Under the terms of our agreement with Syndax, we received exclusive commercialization rights to axatilimab outside of the United States, and share commercialization rights in the United States. We are responsible for leading the commercialization strategy and booking all revenue from sales of axatilimab globally. Incyte and Syndax will share equally the profits and losses from the co-commercialization efforts in the United States. Sales of axatilimab outside the United States will be subject to our royalty payment obligations to Syndax, as set forth below. We and Syndax have agreed to co-develop axatilimab and to share development costs associated with global and U.S.-specific clinical trials, with Incyte responsible for 55% of such costs and Syndax responsible for 45% of such costs. Each company is responsible for funding any independent development activities. All development costs related to the collaboration are subject to a joint development plan.

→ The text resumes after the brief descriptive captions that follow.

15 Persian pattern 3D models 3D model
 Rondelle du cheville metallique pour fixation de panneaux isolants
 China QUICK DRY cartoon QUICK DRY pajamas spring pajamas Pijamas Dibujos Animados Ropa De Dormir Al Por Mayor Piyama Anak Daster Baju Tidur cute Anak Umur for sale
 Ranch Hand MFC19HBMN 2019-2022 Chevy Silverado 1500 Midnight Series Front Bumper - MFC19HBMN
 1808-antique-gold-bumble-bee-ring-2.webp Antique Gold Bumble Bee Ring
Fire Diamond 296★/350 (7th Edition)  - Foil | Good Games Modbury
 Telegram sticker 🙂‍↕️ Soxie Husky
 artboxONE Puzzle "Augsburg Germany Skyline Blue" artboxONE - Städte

In December 2021, we paid Syndax an upfront, non-refundable payment of $117.0 million, which was recorded in research and development expense on the consolidated statement of operations for the year ended December 31, 2021. Syndax is eligible to receive up to $220.0 million in future contingent development and regulatory milestones and up to $230.0 million in sales milestones as well as tiered royalties ranging in the mid-teens on net sales in Europe and Japan and low double digit percentage on net sales in the rest of the world outside of the United States. Syndax’s right to receive royalties in any particular country will expire upon the last to occur of (a) the expiration of patent rights in that particular country, (b) a specified period of time after the first post-marketing authorization sale of a licensed product comprising axatilimab in that country, and (c) the expiration of any regulatory exclusivity for that licensed product in that country.
As of September 30, 2023, we held an investment of approximately 1.4 million shares of Syndax common stock. The fair market value of our long term investment in Syndax as of September 30, 2023 and December 31, 2022 was $20.6 million and $36.2 million. For the three and nine months ended September 30, 2023, we recorded an unrealized loss of $9.2 million and $15.6 million, respectively, based on the change in fair value of Syndax’s common stock during the respective periods. For the three and nine months ended September 30, 2022, we recorded an unrealized gain of $6.8 million and $3.1 million, respectively, based on the change in fair value of Syndax’s common stock during the respective periods.
Research and development expenses for the three and nine months ended September 30, 2023, includes $5.1 million and $16.9 million, respectively, related to our 55% share of the co-development costs for axatilimab. At September 30, 2023, $7.3 million was included in accrued and other liabilities on the condensed consolidated balance sheet for amounts due to Syndax under the agreement.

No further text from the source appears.